Oxbow

Love That's Last (2006)

Jordan Rogowski

I really don't even know what to say on this one. Hydra Head has always seemingly made it a mission of theirs to both challenge and baffle any potential listener with the records put out from bands on their roster. Oxbow is certainly the rule and not the exception, and this collection of songs spanning their almost 20-year career exemplifies just that.

As much free-form psychedelia as anything, this infusion of rock, jazz, and noise is one that will undoubtedly challenge anyone choosing to listen for the 50 minutes that it plays for.

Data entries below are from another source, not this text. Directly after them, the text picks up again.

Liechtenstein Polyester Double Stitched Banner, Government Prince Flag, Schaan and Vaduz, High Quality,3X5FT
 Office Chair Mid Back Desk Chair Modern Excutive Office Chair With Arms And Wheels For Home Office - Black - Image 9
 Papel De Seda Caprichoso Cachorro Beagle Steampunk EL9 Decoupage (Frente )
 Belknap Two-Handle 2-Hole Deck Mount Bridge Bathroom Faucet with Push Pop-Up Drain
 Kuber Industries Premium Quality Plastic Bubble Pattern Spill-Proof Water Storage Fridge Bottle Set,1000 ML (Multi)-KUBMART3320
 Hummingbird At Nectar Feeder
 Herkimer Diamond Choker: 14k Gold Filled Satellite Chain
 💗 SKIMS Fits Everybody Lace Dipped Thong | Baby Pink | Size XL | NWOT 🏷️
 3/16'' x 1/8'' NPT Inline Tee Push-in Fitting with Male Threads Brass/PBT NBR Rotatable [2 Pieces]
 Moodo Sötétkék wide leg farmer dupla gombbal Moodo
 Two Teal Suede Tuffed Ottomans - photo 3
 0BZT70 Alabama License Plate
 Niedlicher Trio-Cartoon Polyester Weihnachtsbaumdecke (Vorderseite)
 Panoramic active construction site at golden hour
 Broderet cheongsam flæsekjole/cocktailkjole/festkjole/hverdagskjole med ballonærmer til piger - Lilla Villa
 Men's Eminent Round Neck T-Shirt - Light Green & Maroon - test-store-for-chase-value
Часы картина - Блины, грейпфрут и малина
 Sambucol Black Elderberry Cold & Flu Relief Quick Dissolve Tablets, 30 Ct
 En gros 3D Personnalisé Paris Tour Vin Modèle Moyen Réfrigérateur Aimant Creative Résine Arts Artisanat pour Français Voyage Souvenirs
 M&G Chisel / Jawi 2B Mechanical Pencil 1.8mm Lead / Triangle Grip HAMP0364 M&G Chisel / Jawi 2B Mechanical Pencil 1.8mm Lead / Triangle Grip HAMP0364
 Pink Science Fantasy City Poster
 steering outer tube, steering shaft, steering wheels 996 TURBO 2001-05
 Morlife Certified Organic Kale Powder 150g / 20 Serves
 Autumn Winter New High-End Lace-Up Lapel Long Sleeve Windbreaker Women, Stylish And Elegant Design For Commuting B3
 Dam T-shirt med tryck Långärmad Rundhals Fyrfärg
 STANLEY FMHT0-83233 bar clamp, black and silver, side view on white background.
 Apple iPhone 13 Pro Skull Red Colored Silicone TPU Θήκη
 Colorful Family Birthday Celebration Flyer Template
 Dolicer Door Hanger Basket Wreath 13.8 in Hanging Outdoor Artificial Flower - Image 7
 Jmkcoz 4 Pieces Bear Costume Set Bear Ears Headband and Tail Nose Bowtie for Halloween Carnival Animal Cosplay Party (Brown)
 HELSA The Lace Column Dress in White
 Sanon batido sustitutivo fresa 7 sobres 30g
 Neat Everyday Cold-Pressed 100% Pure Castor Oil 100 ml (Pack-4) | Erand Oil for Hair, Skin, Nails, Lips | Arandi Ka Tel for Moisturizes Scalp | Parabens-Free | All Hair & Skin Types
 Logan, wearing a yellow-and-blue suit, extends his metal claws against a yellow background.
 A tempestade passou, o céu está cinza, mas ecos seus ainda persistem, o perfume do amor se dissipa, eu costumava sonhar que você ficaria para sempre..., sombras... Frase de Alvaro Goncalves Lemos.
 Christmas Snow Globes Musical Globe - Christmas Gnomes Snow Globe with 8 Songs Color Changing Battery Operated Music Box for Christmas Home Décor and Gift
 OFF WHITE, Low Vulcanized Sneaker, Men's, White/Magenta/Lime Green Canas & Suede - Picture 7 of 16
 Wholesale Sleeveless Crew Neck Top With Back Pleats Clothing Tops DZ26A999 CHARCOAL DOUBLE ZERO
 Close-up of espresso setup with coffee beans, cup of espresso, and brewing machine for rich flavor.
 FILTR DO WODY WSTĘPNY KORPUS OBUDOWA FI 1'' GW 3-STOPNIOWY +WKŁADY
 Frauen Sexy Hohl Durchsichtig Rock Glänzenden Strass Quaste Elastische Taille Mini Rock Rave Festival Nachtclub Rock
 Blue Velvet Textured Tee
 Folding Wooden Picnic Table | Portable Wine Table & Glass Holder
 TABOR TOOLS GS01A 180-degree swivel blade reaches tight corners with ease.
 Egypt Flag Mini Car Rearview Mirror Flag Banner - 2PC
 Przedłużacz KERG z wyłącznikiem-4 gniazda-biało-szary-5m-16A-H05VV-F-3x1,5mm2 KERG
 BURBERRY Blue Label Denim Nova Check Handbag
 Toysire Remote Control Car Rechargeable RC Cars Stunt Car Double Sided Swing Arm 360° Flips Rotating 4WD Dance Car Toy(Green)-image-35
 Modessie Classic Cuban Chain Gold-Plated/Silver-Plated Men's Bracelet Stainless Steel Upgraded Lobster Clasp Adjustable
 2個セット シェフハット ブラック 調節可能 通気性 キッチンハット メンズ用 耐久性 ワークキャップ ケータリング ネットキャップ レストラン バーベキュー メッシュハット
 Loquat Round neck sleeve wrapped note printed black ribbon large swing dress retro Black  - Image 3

The enemy here is convention, and they staunchly fight it with every absurd time signature, drawn out noise section, or slow-churning metal piece with what almost seem like spoken word vocals. It's so simultaneously scatterbrained and deliberate, that it's hard to really comprehend the songwriting process that went into some of these.

Take at first, "The Valley," beginning with the low, droning vocals and acoustic guitar combination that you would not expect to hear on an album like this. As it progresses, slowly albeit, a certain appreciation for the simple beauty is developed. The singer is no Johnny Cash, but there is an oddly compelling quality to his seemingly nonsensical musings. And it can't be called out of place, either, as this ‘album,' as mentioned before, is a collection of songs strewn together from various LP's and performances. The very next song offers a polar opposite from the previous one, as the acoustic guitar is replaced by deep grooves, thick fuzz and drone, and vocals that sound borderline inhuman. Not because they're loud and screechy, quite the opposite, but each word sounds like the last gasping breath of a man dying from a stab wound. An unsettling sound as you may find on an album, as you could imagine. The song doesn't seem to follow any particular direction, as most of these don't, instead letting that free-form psychedelic approach really take hold.

This combination of Sabbath-esque metal, psychedelic sounds, acoustic guitar, and wrenching "vocals" is one of the oddest concoctions of I've come across. I can't either pan or recommend this album, as it doesn't doesn't have any sort of real affect on me. As I mentioned, Hydra Head's been known to put out some weird releases, but they might have truly outdone themselves this time around.